Variable x = solver.MakeNumVar(0.0, double.PositiveInfinity, "x");
Variable y = solver.MakeNumVar(0.0, double.PositiveInfinity, "y");
// Objective function: 3x + 4y.
Objective objective = solver.Objective();
objective.SetCoefficient(x, 3);
objective.SetCoefficient(y, 4);
objective.SetMaximization();
// x + 2y <= 14.
Constraint c0 = solver.MakeConstraint(double.NegativeInfinity, 14.0);
c0.SetCoefficient(x, 1);
c0.SetCoefficient(y, 2);

// 3x - y >= 0.
Constraint c1 = solver.MakeConstraint(0.0, double.PositiveInfinity);
c1.SetCoefficient(x, 3);
c1.SetCoefficient(y, -1);

// x - y <= 2.
Constraint c2 = solver.MakeConstraint(double.NegativeInfinity, 2.0);
c2.SetCoefficient(x, 1);
c2.SetCoefficient(y, -1);
Console.WriteLine("Number of variables = " + solver.NumVariables());
Console.WriteLine("Number of constraints = " + solver.NumConstraints());
solver.Solve();
// The value of each variable in the solution.
Console.WriteLine("Solution:");
Console.WriteLine("x = " + x.SolutionValue());
Console.WriteLine("y = " + y.SolutionValue());
// The objective value of the solution.
Console.WriteLine("Optimal objective value = " +
solver.Objective().Value());
}

static void Main()
{
RunLinearExample("GLOP_LINEAR_PROGRAMMING");
}
}

## Identifying the type of problem you wish to solve

There are many different types of optimization problems in the world. For each type of problem, there are different approaches and algorithms for finding an optimal solution. Before you can start writing a program to solve an optimization problem, you need to identify what type of problem you are dealing with, and then choose an appropriate solver — an algorithm for finding an optimal solution.
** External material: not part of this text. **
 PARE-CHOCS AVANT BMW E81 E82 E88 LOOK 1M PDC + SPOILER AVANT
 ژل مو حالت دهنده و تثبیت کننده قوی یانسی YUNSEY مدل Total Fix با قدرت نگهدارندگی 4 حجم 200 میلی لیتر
Below you will find a brief overview of the types of problems that OR-Tools solves, and links to the sections in this guide that explain how to solve each problem type.

### Linear optimization

As you learned in the previous section, a linear optimization problem is one in which the objective function and the constraints linear expressions in the variables. The primary solver in OR-Tools for this type of problem is the linear optimization solver, which is actually a wrapper for several different libraries for linear and mixed-integer optimization, including third-party libraries.
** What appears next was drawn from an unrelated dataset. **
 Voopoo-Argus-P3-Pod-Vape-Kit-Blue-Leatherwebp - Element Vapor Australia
### Mixed-integer optimization

A mixed integer optimization problem is one in which some or all of the variables are required to be integers. An example is the assignment problem, in which a group of workers needs be assigned to a set of tasks. For each worker and task, you define a variable whose value is 1 if the given worker is assigned to the given task, and 0 otherwise. In this case, the variables can only take on the values 0 or 1.

### Bin packing

Bin packing is the problem of packing a set of objects of different sizes into containers with different capacities. The goal is to pack as many of the objects as possible, subject to the capacities of the containers. A special case of this is the knapsack problem, in which there is just one container.

### Network flows

Many optimization problems can be represented by a directed graph consisting of nodes and directed arcs between them. For example, transportation problems, in which goods are shipped across a railway network, can be represented by a graph in which the arcs are rail lines and the nodes are distribution centers. In the maximum flow problem, each arc has a maximum capacity that can be transported across it. The problem is to assign the amount of goods to be shipped across each arc so that the total quantity being transported is as large as possible.

### Assignment

Assignment problems involve assigning a group of agents (say, workers or machines) to a set of tasks, where there is a fixed cost for assigning each agent to a specific task. The problem is to find the assignment with the least total cost. Assignment problems are actually a special case of network flow problems.

### Scheduling

Scheduling problems involve assigning resources to perform a set of tasks at specific times. An important example is the job shop problem, in which multiple jobs are processed on several machines. Each job consists of a sequence of tasks, which must be performed in a given order, and each task must be processed on a specific machine. The problem is to assign a schedule so that all jobs are completed in as short an interval of time as possible.